La Yamaha adopte une allure de roadster sportif aux lignes futuristes soulignée par un phare original à DEL emblématique des motos de la famille MT (Master of torque) du constructeur d’Iwata City.
Parties cycles sportives
Les deux belligérantes sont fines, légères, compactes et n’ont pas l’air de minimotos. Ce sont des machines pleine grandeur sur lesquelles des pilotes de gabarit nord-américain peuvent prendre place sans crainte.
La Svartpilen est la plus svelte et la plus légère. Elle pèse seulement 152 kg à sec contre 168 kg pour la MT. Mais elle possède une assise plus élevée de 835 mm contre 780 mm pour la Yamaha.
Pour ce qui est du châssis, la Suédoise fait appel à un magnifique cadre treillis en acier noir, complété par une fourche inversée WP de 43 mm dépourvue de réglages et par un monoamortisseur WP réglable en précontrainte. Ses valeurs d’empattement (1 357 mm) et de chasse/déport (25 degrés/95 mm) sont sportives et favorisent la maniabilité et l’agilité.
De son côté, la partie cycle de la Japonaise s’articule autour d’un cadre de type diamant, en acier, auquel sont rattachés une fourche inversée Kayaba de 37 mm, non ajustable et un monoamortisseur Kayaba ajustable en précontrainte du ressort. Pour ce qui est de l’empattement (1 380 mm), il est un poil plus long que celui de la 401 — ça favorise la stabilité — alors que les valeurs de la géométrie sont identiques. On est donc là encore, en présence d’une moto aux prétentions sportives.
Pour ce qui est du freinage, l’avantage va à la Svartpilen qui fait confiance à un disque de 320 mm pincé par un étrier radial ByBre à 4 pistons, à l’avant et un simple disque de 230 mm avec étrier ByBre simple piston à l’arrière. Un ABS Bosch 9.1 MB est livré en équipement standard.
La MT-03 possède quant à elle un disque de 298 mm avec un étrier non radial à double piston, à l’avant et un simple disque de 220 mm avec étrier simple piston, à l’arrière. L’ABS est de série.
Enfin, la Svartpilen évolue sur de magnifiques jantes à rayons de 17 pouces chaussées de pneus mixtes Pirelli Rally STR qui rehaussent son look d’aventurière décalée, tandis que la MT-03 se pare de jantes à 10 bâtons montées de pneus routiers Dunlop Sportmax GPR 300.

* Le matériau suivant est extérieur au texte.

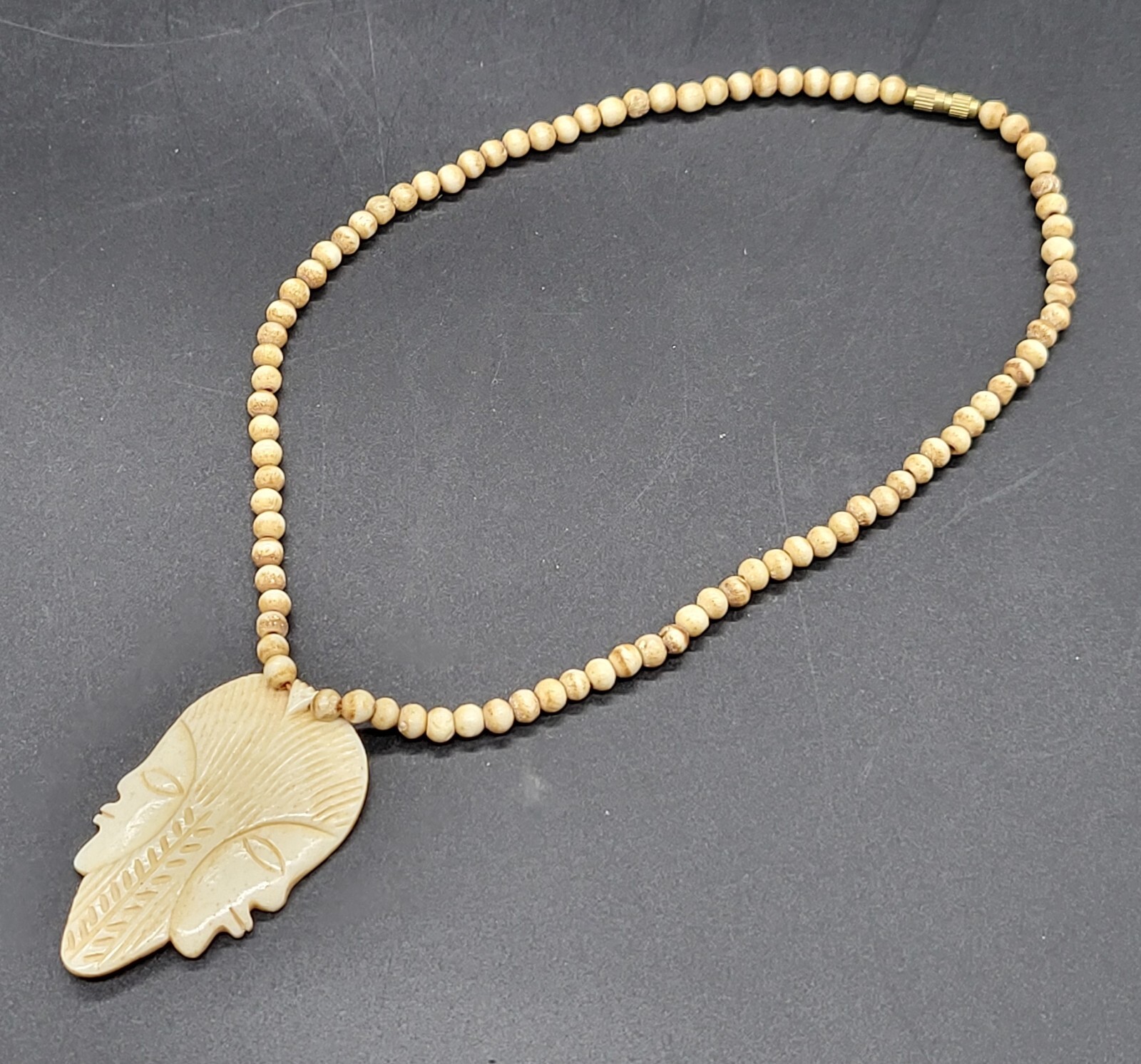 vintage 18″ bovine bone beaded necklace with double face pendant, barrel clasp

Pour ce qui est du design et de l’allure, personnellement je donnerais la palme à la Husqvarna que je trouve aussi sublime qu’originale dans sa livrée anthracite mat. La Yamaha aussi est belle, dans son genre et mérite un accessit. Elle est superbe dans son fini fluo glacé.
Moteurs à sensations
Côté motorisation, la Husqvarna opte pour un monocylindre quatre-temps, gage de couple important et de caractère, qui cube à 373 cc. Il est de type supercarré (ou courte course), ce qui signifie que son alésage (89 mm) est supérieur à sa course (60 mm). Le piston est animé d’une vitesse linéaire moindre qu’un moteur à longue course et peut atteindre des régimes plus élevés (9 500 tr/min dans le cas présent, ce qui est beaucoup pour un mono). Et donc développer une puissance supérieure à cylindrée égale. Cette caractéristique permet d’obtenir un haut rendement, notamment avec les moteurs de compétition. Le mono dispose d’une chemise en Nikasil, d’un piston forgé en aluminium, d’un double arbre à cames en tête et de basculeurs traités au carbone dur, gage de longévité et de résistance accrue. Il est alimenté par un système d’injection électronique Bosch EFI à corps de 46 mm et produit 44 ch à 9 000 tr/min pour un couple de 27,3 lb-pi à 7 000 tr/min.
De son côté, la Yamaha privilégie un bicylindre performant de 321 cc, calé à 180°, qui affiche une puissance de 42 ch à 10 750 tr/min et un couple de 21,8 lb-pi à 9 000 tr/min. Il s’agit là aussi d’un moteur courte course (alésage de 68 mm, course de 44,1 mm), alimenté par un système d’injection électronique à corps d’admission de 32 mm.
Comme on s’en aperçoit, le mono atteint ses valeurs maximales à un régime plus bas que le bicylindre. La zone rouge de la Suédoise débute à 10 000 tr/min contre 12 500 tr/min pour la Japonaise.
Sur la route
Malgré sa seule haute et large à l’embase, la Svartpilen est relativement facile à prendre en main. Cependant, du haut de mon 1,77 m, je parviens tout juste à poser les pieds à plat au sol à l’arrêt. Heureusement, son poids plume la rend facile à manier, même à basse vitesse. La position de conduite est accueillante, d’autant plus que la selle moelleuse permet de trouver facilement sa place. Les jambes ne sont pas trop repliées, on a le buste très légèrement penché vers l’avant, sans appui excessif sur les poignets. Le triangle ergonomique est parfait, même pour les grands.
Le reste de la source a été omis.